Pero más allá de mis errores personales, el tema del perdón me está llevando a analizar desde ese ángulo la reciente disputa entre el PRD y “la Iglesia”, disputa que me recuerda ese primer y magistral comunicado del subcomandante Marcos, en el cual el vocero del EZLN solicitaba a los gobernantes pedir perdón al pueblo de México por la injusticia, por la pobreza, por los abusos, por la represión y por tantas cosas que los gobernantes tendrían que pedir perdón.
Sin embargo “la Iglesia” –así, entre comillas– ha querido monopolizar el derecho al perdón. Resulta que en este país decir “la Iglesia” se entiende como referencia a “la Iglesia católica”, como si fuera la única o la más importante, y como si tuviese facultades para discriminar a todos los demás credos. Más allá del tamaño de la feligresía católica, no debemos ignorar que entre los mexicanos y mexicanas el catolicismo se expresa con pluralidad de visiones y que, muchas veces, los fieles no necesariamente aceptan a los jerarcas de su iglesia como fuentes del perdón de sus actos.

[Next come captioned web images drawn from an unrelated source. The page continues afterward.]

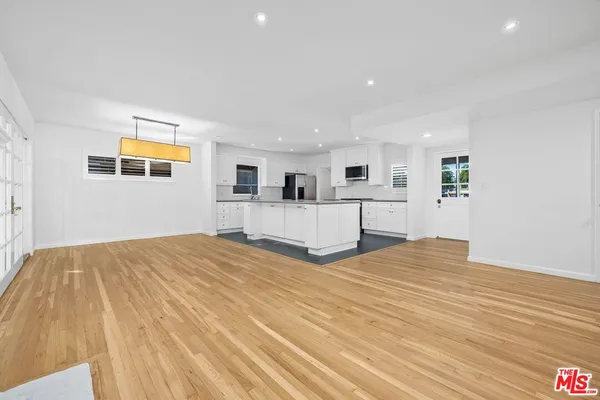 a view of a bedroom with wooden floor and window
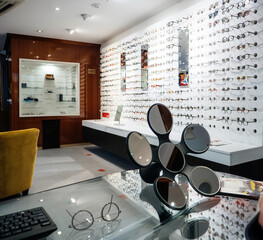 Interior of modern optician store with large selection of eyewear with floral shaped mirror on...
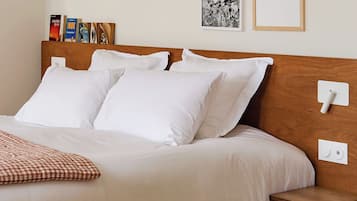 Una cama bien hecha con ropa de cama blanca, una mesita de noche pequeña y un enchufe en la pared.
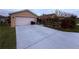 Long driveway leads to a two-car garage, complemented by side yard landscaping at 3368 Tuscano Ne Ave, New Smyrna Beach, FL 32168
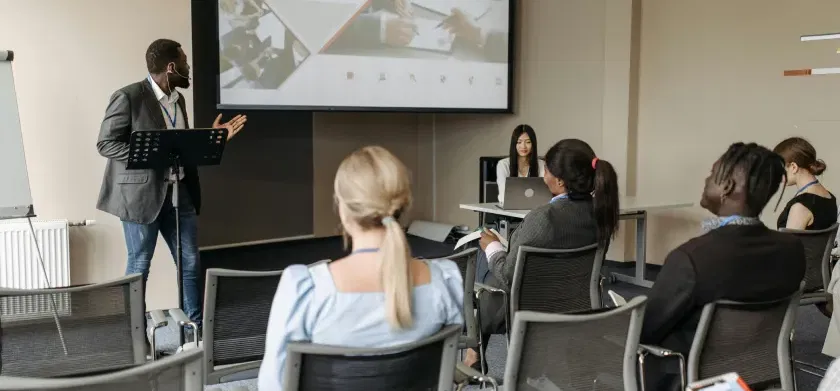 Man in black blazer having a presentation in front of employees demonstrating universal design for learning (UDL) principles for workplace training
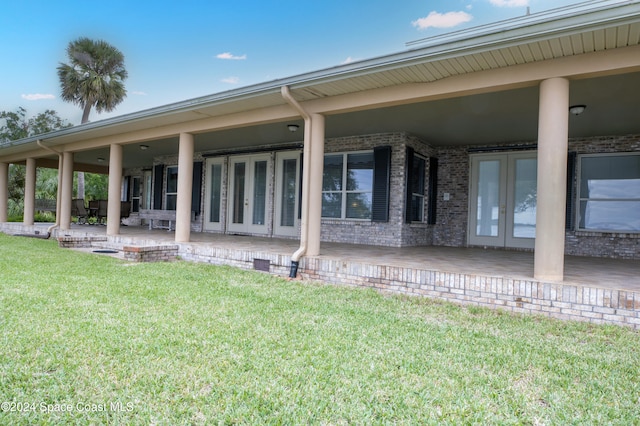 back of house featuring french doors and a lawn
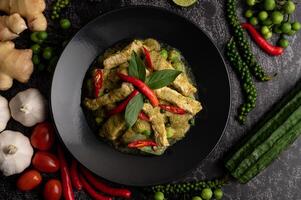 Pork green curry in black plate with spices on black cement background photo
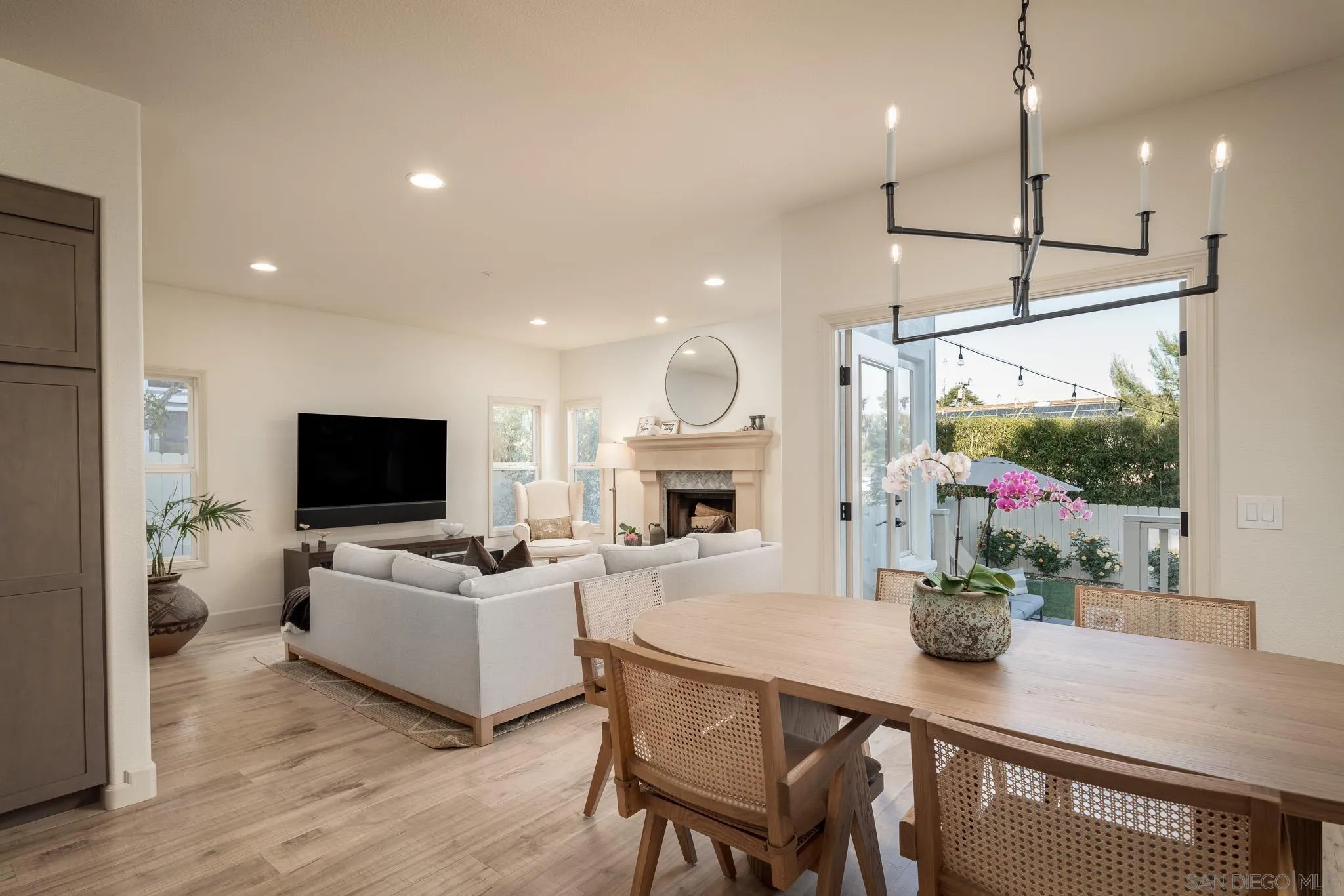 339 Rancho Santa Fe Road Encinitas, CA 92024 - Photo 11 of 36 a living room with furniture a flat screen tv and a fireplace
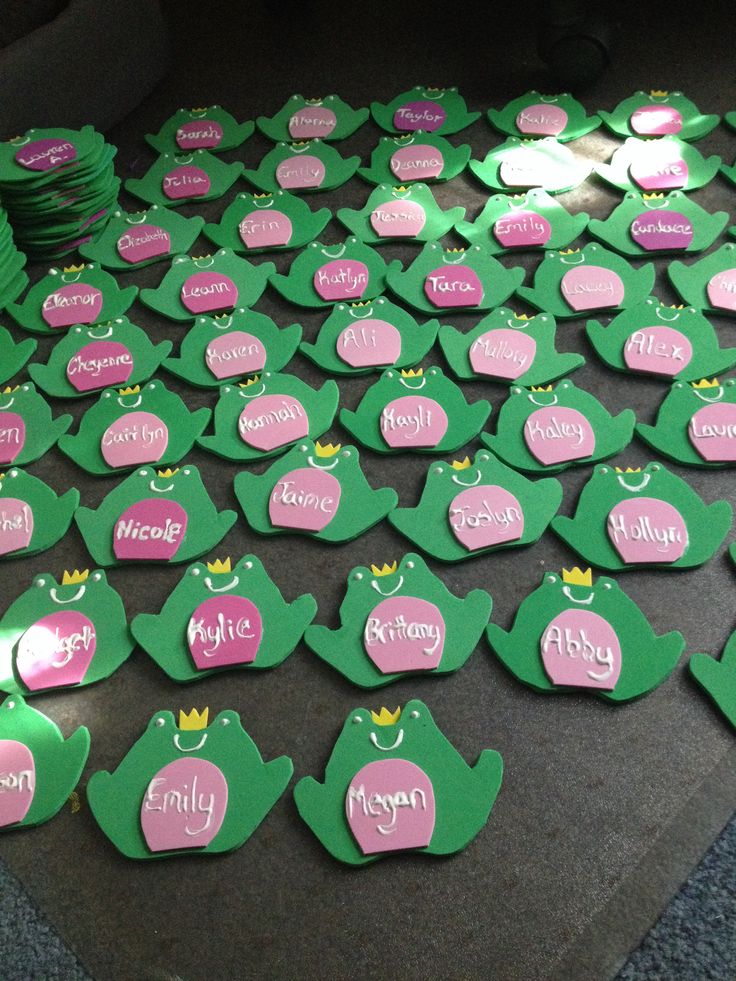 a table topped with lots of green and pink paper cut outs covered in name tags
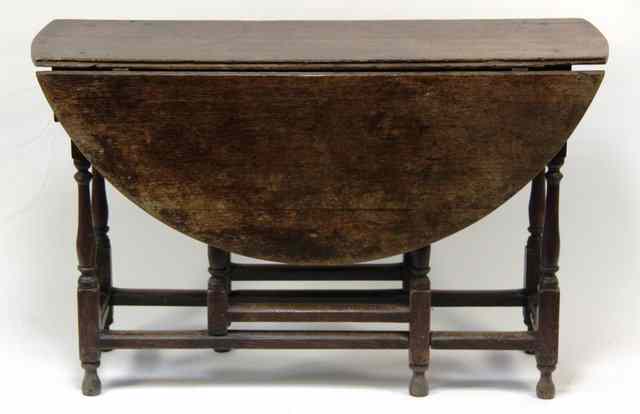 Appraisal: An th Century oak gateleg table the two D shaped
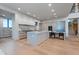Modern kitchen with waterfall island, stainless appliances, and hardwood floors at 651 Emberglow Ln, Highlands Ranch, CO 80126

Sin embargo, Norberto Rivera se ufana hoy ante el hecho de que el señor Juan Carlos Escandón, supuesto militante del PRD, de Andrés Manuel López Obrador o de la resistencia civil –para el caso da lo mismo–, tuvo que pedirle perdón por los hechos ocurridos en la Catedral el domingo pasado, así como por otros actos violentos que han surgido en paralelo a algunas movilizaciones de la resistencia contra el fraude electoral de 2006. Los obispos también están ofreciendo una disculpa a los fieles por los actos que obligaron a cerrar las puertas de la Catedral Metropolitana.
Mientras este encono cautiva los noticiarios y medios impresos de todo el país, esta semana se presenta una iniciativa de ley que es crucial para fortalecer y elevar a rango constitucional la laicidad del Estado mexicano. Lo sustancial de la iniciativa es que demuestra que es posible que diputados federales de todas las fracciones (firman la iniciativa diputadas y diputados de Alternativa Socialdemócrata, Convergencia, PRD, Nueva Alianza, PRI y PAN –de esta fracción solamente el ex priísta Diódoro Carrasco–, PT y Verde Ecologista) se pusieron de acuerdo para garantizar la igualdad y las libertades de los ciudadanos sin que alguna religión o convicción particular domine el poder civil y las instituciones públicas.
Habría que subrayar cuán oportuna es esta iniciativa, ante el ambiente tan polarizado que caracteriza a nuestra elite política, toda vez que la laicidad es una condición que favorece la convivencia social pacífica, el diálogo y hasta pedir perdón ante los excesos. También hay que valorarla frente a la derechización del Estado, después del conjunto de iniciativas legales retardatarias que desde el año 2000 se han presentado para incluir la llamada libertad religiosa, que es una confusa comprensión que vulnera la educación laica y la libertad de conciencia, con la cual voceros de “la Iglesia” quisieran imponer su visión al resto de la ciudadanía para que todos sus miembros tengan que pedirle permiso y perdón de sus actos.
Hay que recalcar finalmente la importancia geopolítica de la nueva iniciativa para fortalecer el Estado laico, cuando, desde hace dos décadas, Estados Unidos acusa una recuperación de lo religioso en el diseño de sus políticas públicas.
Ante este complejo panorama, me pregunto: ¿Quién tiene que perdonar a quién? ¿El provocador que en plena Catedral Metropolitana logra desprestigiar al movimiento de resistencia frente a la feligresía católica? ¿El obispo que siembra la cizaña entre católicos de diferente adscripción política? ¿El legislador que quiere terminar con la educación laica para imponer una sola visión a la ciudadanía? ¿El gobernante que busca manipular a las masas con mensajes “cristianos”, mientras apoya la invasión a otro país? ¿El político que protege a los jerarcas para no perder votos?